D’abord, le fait politique n’y est pas abordé sous un angle politique, mais de commentateur sportif. La place des idées est réduite à la conclusion et les deux tiers du propos commentent les stratégies de placement et de rivalités politiques, à la façon d’un tour de France ou d’une coupe du monde. Que la politique soit un haut lieu de la compétition entre personnalité, ce n’est pas un scoop, c’est le cœur opératoire de notre démocratie et de son fonctionnement par l’élection. La règle est celle du « Que le meilleur gagne ! », au travers du suffrage universel. Quelles vertus y a-t-il donc à commenter le back-office politique (si ce n’est à jouer à faire du people). Les guéguerres n’ont rien d’honteuses, elles sont le mode opératoire voulue par le système démocratique pour faire émerger les meilleurs. Par contre, si se focaliser sur le back-office favorise les ventes, cela empêche de rendre lisible le front office, c'est-à-dire le débat d’idées.

Le second point est sur ce débat d’idées. On peut ne pas être d’accord avec la position d’Aubry, mais tomber dans la caricature pour les moins de trois ans : "les bisounours, ne sert ni le débat politique, ni la démocratie. Etre sans arrêt sur de la déconstruction du propos politique, sans propositions critiques constructives alternatives empêche toute perspective politique. Or, c’est la base d’un projet de société que de pouvoir se projeter, adhérer et ensuite agir collectivement dans un sens donné. Si toute phrase est méticuleusement ridiculisée, sans autres perspectives, les citoyens ne pourront jamais se positionner sur un projet collectif.

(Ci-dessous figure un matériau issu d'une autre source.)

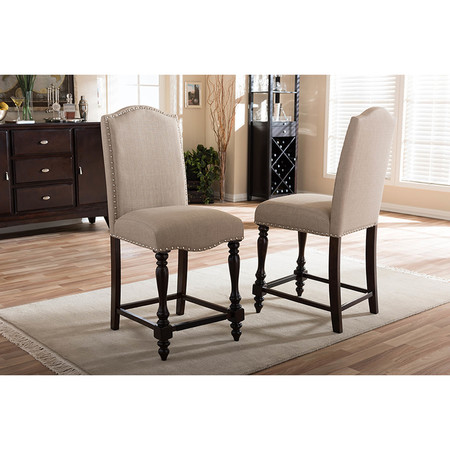 Baxton Studio Zachary Oak Brown Beige Linen Upholstered Counter Chair, PK2 119-6357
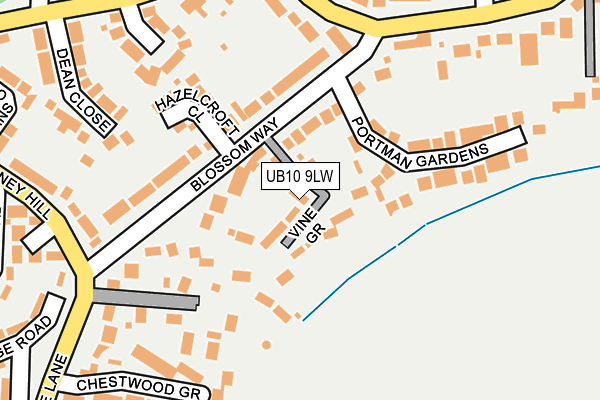 UB10 9LW map - OS OpenMap – Local (Ordnance Survey)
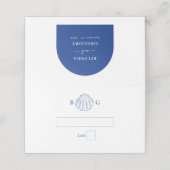 Blue Clam Seashells Coastal Seaside Beach Wedding Plaatskaartje (Buitenkant ongevouwen)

Ainsi, le fait de vouloir mettre « du sens, de l’éthique et de la vérité » en politique apparait comme une idée has been dans l’édito, au profit d’un propos fort responsable « le projet socialiste peine à accepter l’étroitesse des marges de manœuvre » : entendez « Mes amis, la messe est dite, on ne peut rien faire ! » Avec de telles perspectives politiques, on comprend mieux que l’ambitieux programme du FN cartonne !

L’éthique est au cœur du sujet et la gauche à là-dessus une réelle longueur d’avance sur la droite au pouvoir. Pour ceux qui en doutent, comparez le gouvernement Jospin aux 10 remaniements des gouvernements Fillon. Combien d’affaires dans l’un et l’autre ! Qu’on le veuille ou non, nous n’aurons pas de capacité de réforme à la hauteur des enjeux, sans une exigence d’éthique. Ce n’est pas une cerise optionnelle sur le gâteau, c’est un pré-requis à tout projet politique. Personne ne consentira à faire un effort sans règle juste. Les PDG qui ont réduit leur salaire pour demander un effort à leurs salariés et redresser leur entreprise l’avaient bien compris. C’est une règle basique de management.

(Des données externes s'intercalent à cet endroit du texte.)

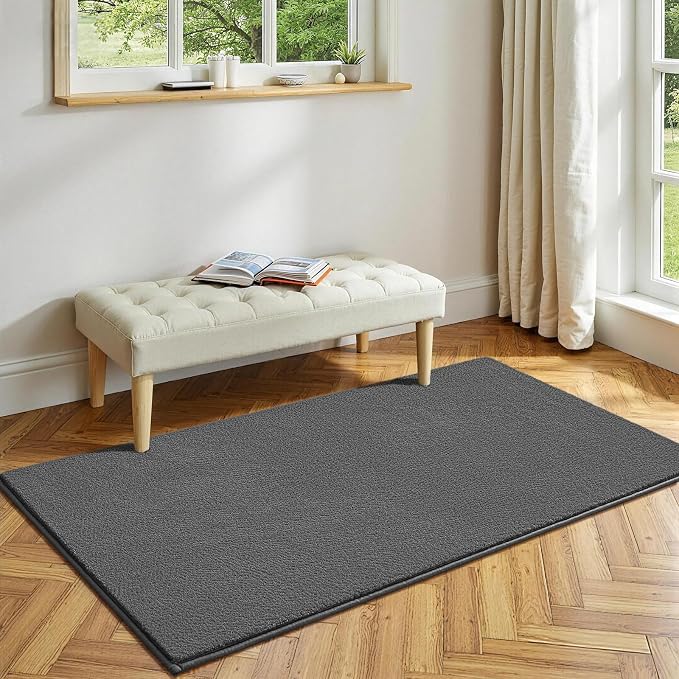 Vasofe 2x4 Hallway Runner Rug,Runner Rug Non Slip, Memory Foam Bedside Rugs | Indoor Thickened Carpet for Bedroom Dorm Kids Boys Room, Washable Medium Pile Shag Fluffy Carpets for Entrance Kitchen, Grey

Enfin, sur les marges de manœuvre, il est faux de dire que nous n’en avons pas. Il est surement vrai de dire que certains n’ont pas l’ambition d’en avoir, mais un projet collectif peut tout s’il est porté par des ambitions et une vision construite du futur. Je ne crois pas à la résignation, sinon autant arrêter tout de suite, vu ce qui nous attend dans ce XXIème siècle. Nous avons surmonté des moments bien pire, mais jamais sans volonté.

Voilà ce que j’avais à dire. Je suis surement un peu dur dans mon propos sur la base d’un seul édito, mais je crois dans l’exigence réciproque. J’enfreins surement là une règle qui est, pour un homme politique, de ne pas critiquer un journaliste. Mais sincèrement, je ne crois pas que cette règle soit bonne. Respectons-nous, critiquons-nous de manière constructive, de manière à élever le débat ensemble, car nous sommes chacun un des bouts de l’équilibre du pouvoir démocratique. Mais ne laissons pas l’un ou l’autre tomber dans la facilité qui mènerait la démocratie vers des heures bien sombres.